Your goal: Once the pictures are removed, reproduce what is left of the data below exactly.

++++ Data shown ++++

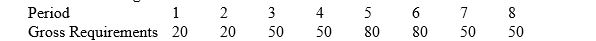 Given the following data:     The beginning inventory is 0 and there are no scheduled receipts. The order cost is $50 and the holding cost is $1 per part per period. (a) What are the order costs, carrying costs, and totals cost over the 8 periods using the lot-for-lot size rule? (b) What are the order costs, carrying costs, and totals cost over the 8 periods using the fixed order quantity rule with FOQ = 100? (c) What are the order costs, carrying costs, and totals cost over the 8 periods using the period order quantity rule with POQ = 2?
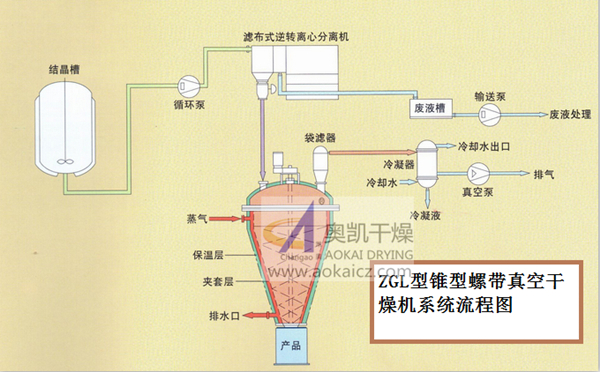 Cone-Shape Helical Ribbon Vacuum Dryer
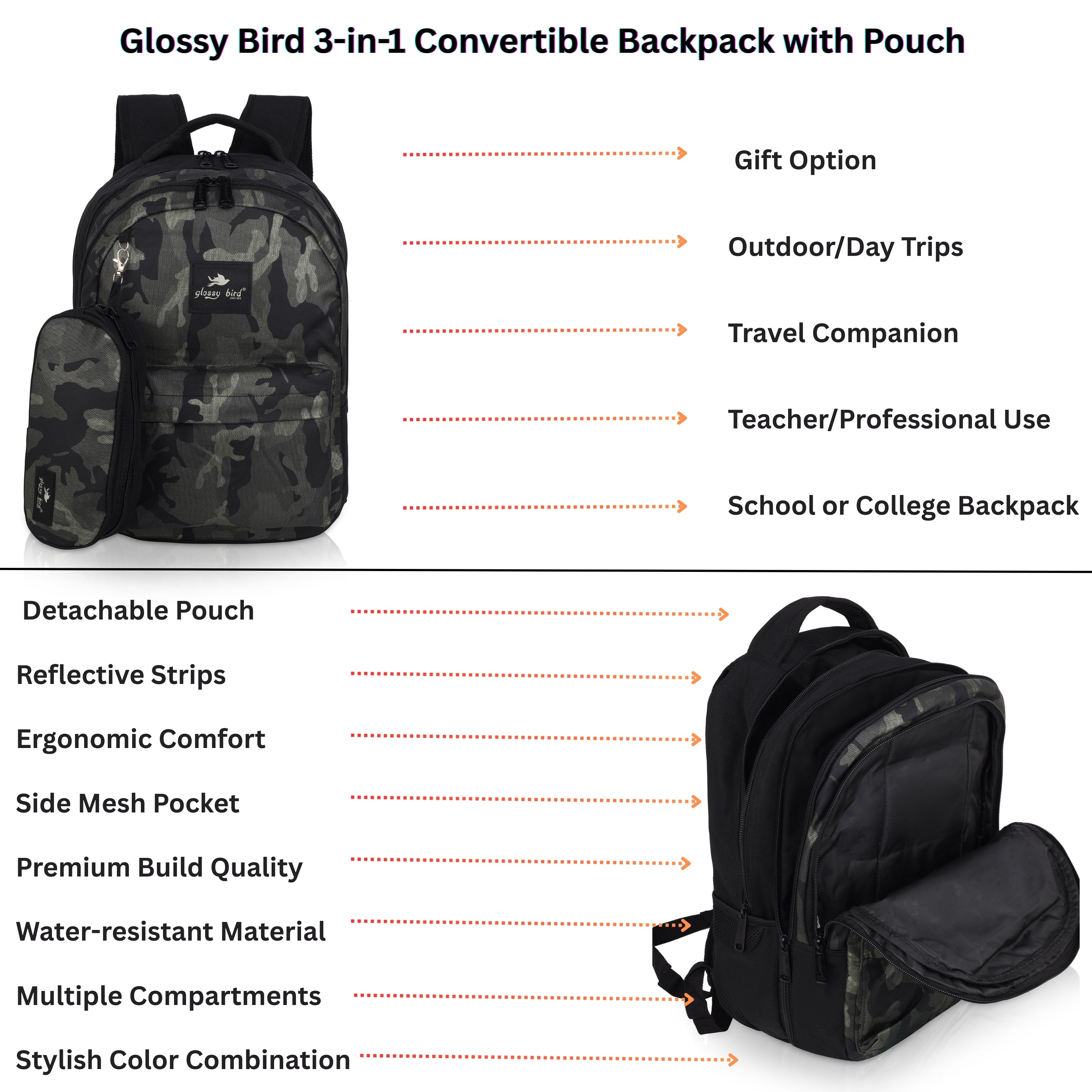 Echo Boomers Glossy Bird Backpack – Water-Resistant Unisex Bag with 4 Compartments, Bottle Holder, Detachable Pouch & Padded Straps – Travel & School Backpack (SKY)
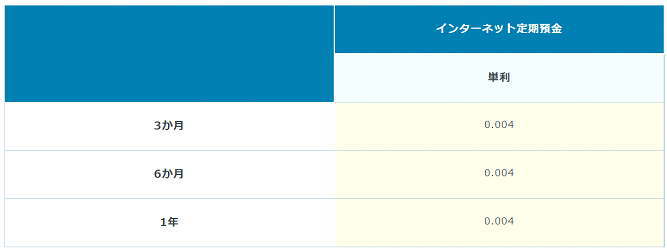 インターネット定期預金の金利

++++

Solution:
 Given the following data:     The beginning inventory is 0 and there are no scheduled receipts. The order cost is $50 and the holding cost is $1 per part per period. (a) What are the order costs, carrying costs, and totals cost over the 8 periods using the lot-for-lot size rule? (b) What are the order costs, carrying costs, and totals cost over the 8 periods using the fixed order quantity rule with FOQ = 100? (c) What are the order costs, carrying costs, and totals cost over the 8 periods using the period order quantity rule with POQ = 2?
 Cone-Shape Helical Ribbon Vacuum Dryer
 Echo Boomers Glossy Bird Backpack – Water-Resistant Unisex Bag with 4 Compartments, Bottle Holder, Detachable Pouch & Padded Straps – Travel & School Backpack (SKY)
 インターネット定期預金の金利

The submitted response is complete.